Indeed, if the founding of Tokyo RPG Factory and the recent (Western) release of I Am Setsuna suggest anything, it is a recognition of the popularity of the traditional JRPG formula by developers. Perhaps the generation that grew up playing Chrono Trigger and Wild Arms are the developers now responsible for the new imperative to recapture the spirit of old? There seems to be an understanding that gamers want the old flavor of the beloved 90s JRPGS pushed in a new direction. I Am Setsuna is every bit a Chrono Trigger clone, and while the game is might struggle to forge its own identity as a result of replicating that revered classic a little too closely, it’s reassuring that developers have identified traditional JRPG elements of gameplay as a priority.

We might just be in the midst of a new impetus, a renaissance of sorts, that starts with smaller JRPG developers going back to basics, and the AAA titles finding mainstream success once again.

Of course, the big agenda for 2016 are two of the most highly anticipated RPGs in recent memory, and they’re both from Japanese Developers. Final Fantasy XV and Persona 5 are two very different games, developed by two studios whose dominance of the market has been acquired through very different fortunes.

Square, the genre veteran with a slightly wounded reputation, versus Atlus; the relative new kid on the block that continues to stride from strength to strength. The key similarity, though, is that both of these significant titles emerging from Japan have a real shot at penetrating the Western market with the same impact as the JRPG glory days of yesteryear.

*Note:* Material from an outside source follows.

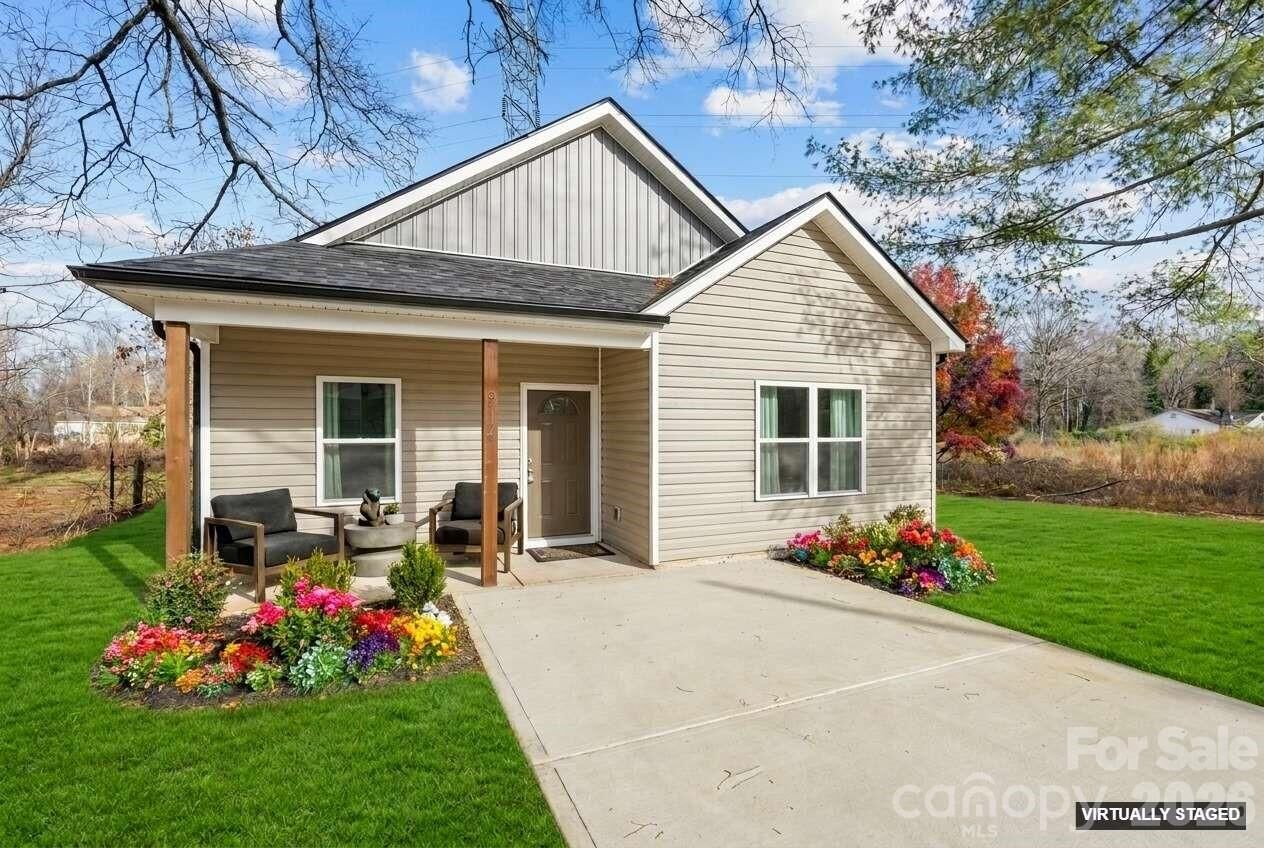 Property Photo:  914 Wilmington Avenue  NC 28677 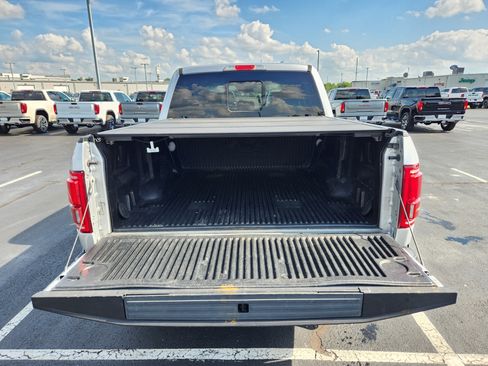 Used 2016 Ford F150 Lariat w/ Equipment Group 502A Luxury AWD/4WD image 10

For many western gamers, Final Fantasy is the JRPG scene. Square Enix are the clearest barometer of the JRPG climate, and after a very lukewarm reception to the convoluted Final Fantasy XIII series, the publisher has suffered a pretty serious knock to its public image. Indeed, Square Enix seem to have lost touch with what made the Final Fantasy games so beloved, and in their quest to evolve the series, they have rather left behind the style and spirit that were the very essence of their best work.

Final Fantasy XV, then, is huge chance for development team at Square to win-back players trust, and boy have they invested a lot into the game. After a tortured development period of ten years, the game has evolved dramatically since Tabata’s leadership of the project.

The difference is stark, indeed, and initial reception to that shift in tone was rather mixed. The concept of a group of stylish young men on a road trip didn’t endear itself to support from all camps initially, but, after two demos, an anime series, a CGI movie, and a launch event of unrivalled extravagance, fans of the series can be optimistic that Square Enix are determined to redeem themselves with Final Fantasy XV.

There’s certainly an immense amount of content being released to flesh out Final Fantasy XV‘s lore, but whether that will come together in one cohesive gaming experience remains to be seen. What we know for certain, is that Final Fantasy XV is likely to sell big in the West, and propel the JRPG scene right into the forefront of the mainstream for months to come.